It's not that Alan and I never talked about it between us. We did. But my husband's journey to adoption was very different than mine. He prayed about it. He read the books I bought. He told me he just didn't see it. That there were so many students here at the university who needed a home, and that's why we moved here--because we had a vision of discipleship.
And he was right. I couldn't argue. That was why we moved here--to disciple students. And I was confident that if God wanted us to adopt, He would lay it on both of our hearts, not just mine.
But I just kept praying. "God, you know, with all the work of three, if You brought just the right one, it wouldn't be much more work. You know, one who can share clothes with Anaya, who will fit in the same room, who doesn't have major attachment disorders or other issues, and one who fits our family climate just right. If she's out there somewhere, I know You know where she is. Find her, protect her, and bring her to us at the right time."
Then, 5 years ago, we went through my husband's accident, where he was hit by a car while crossing the street and broke his back. That was followed by his surprise diagnosis with Hepatitis C shortly afterward, and the treatment that followed. In retrospect, those were good reasons why God didn't bring us another daughter at that time. But I also know now that, at that time, Anya's biological mother was still alive, and she wouldn't have been available for adoption.

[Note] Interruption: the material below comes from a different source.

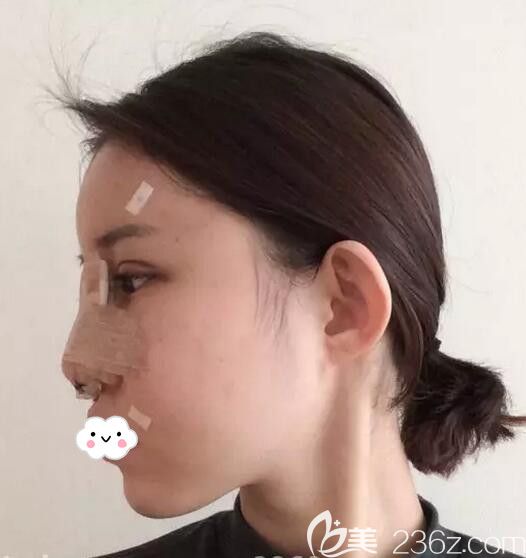 韩国欧米茄整形医院生机脂肪移植填充全脸+鼻综合案例术后第3天恢复图 韩国欧米茄整形医院生机脂肪移植填充全脸+鼻综合案例术后第3天恢复图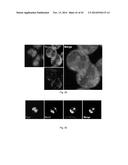 POLYPEPTIDES TARGETING GLYCOSYLATED MUC2 PROTEINS, METHODS OF SYNTHESIS,     THEIR NUCLEIC ACIDS AND USES THEREOF diagram and image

But sometime in 2014 or so, my daughter's mother was killed. And in 2015, I saw the big brown eyes of a waif in a picture in a photo listing. It was a photo listing of orphans available to come to America for a few weeks at Christmas.
And I couldn't get those solemn chocolate-brown eyes out of my mind.
So I brought the picture to my hubby. "Look," I said, "this one says she's not legally available for adoption. What do you think?"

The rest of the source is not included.